4. Il ressort des pièces du dossier que l’arrêté en litige du 25 mars 2024, qui comportait l’indication des voies et délais de recours ouverts à son encontre, a été notifié par voie postale à Mme C…, épouse B…, le 27 mars suivant, puis retourné à la préfecture avec la mention « pli avisé non réclamé ». Il ressort des mêmes pièces que cette notification a été effectuée à l’adresse mentionnée par Mme C…, épouse B…, dans sa demande de titre de séjour. Pour contester la régularité de cette notification, et soutenir que le délai de recours contentieux n’a pas été déclenché, Mme C…, épouse B…, fait valoir qu’elle a eu lieu à son ancienne adresse alors que les services préfectoraux ne pouvaient ignorer qu’elle avait déménagé. Toutefois, le préfet ne saurait être regardé comme ayant eu connaissance de la nouvelle adresse de la requérante du seul fait qu’elle a été mentionnée dans un courrier du 16 novembre 2023 dont il n’est en outre pas établi, comme l’a relevé la première juge, qu’il aurait été effectivement reçu par ses services. De même, la circonstance, qui ne ressort pas des pièces du dossier, que l’époux de l’appelante aurait fait enregistrer auprès des services préfectoraux la nouvelle adresse du couple avant la notification de la décision attaquée ne suffit pas à établir l’irrégularité de la notification effectuée à l’adresse déclarée sur la demande de titre de séjour, qui doit ainsi être regardée comme la dernière adresse connue de l’administration. Dans ces conditions, la requête de Mme C…, épouse B…, enregistrée au greffe du tribunal administratif de Toulouse le 5 août 2025, soit après l’expiration du délai de recours contentieux d’un mois, était tardive, comme l’a relevé à bon droit la première juge.

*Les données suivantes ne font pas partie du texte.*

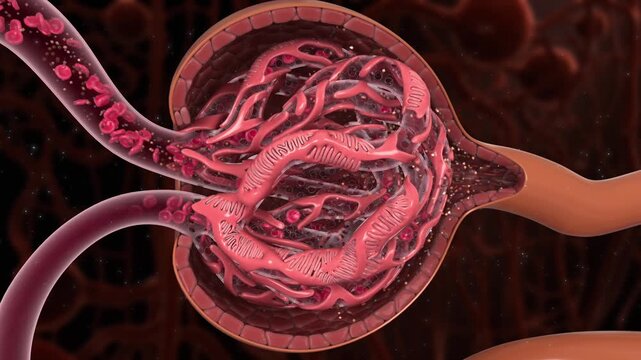 Glomerular filtration, blood flows into the glomerulus, impurities and waste are filtered out, while essential nutrients are retained. Healthy kidney function and urine formation process. 3D animation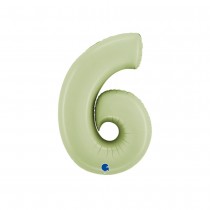 BALLON ALUMINIUM CHIFFRE 6 102CM VERT OLIVE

5. Il résulte de ce qui précède que la requête de Mme C…, épouse B…, est manifestement infondée. Dès lors, il y a lieu de la rejeter, en toutes ses conclusions, y compris relatives à l’injonction et aux frais exposés et non compris dans les dépens, selon les dispositions précitées de l’article R. 222-1 du code de justice administrative.
O R D O N N E :
Article 1er : La requête de Mme C…, épouse B…, est rejetée.
Article 2 : La présente ordonnance sera notifiée à Mme A… C…, épouse B…, à Me Cazanave et au ministre de l’intérieur.
Copie en sera délivrée au préfet de la Haute-Garonne.
Fait à Toulouse, le 23 avril 2026.
Le président de la 1ère chambre
Frédéric Faïck
La République mande et ordonne au ministre de l’intérieur en ce qui le concerne, et à tous commissaires de justice à ce requis, en ce qui concerne les voies de droit commun contre les parties privées, de pourvoir à l’exécution de la présente ordonnance.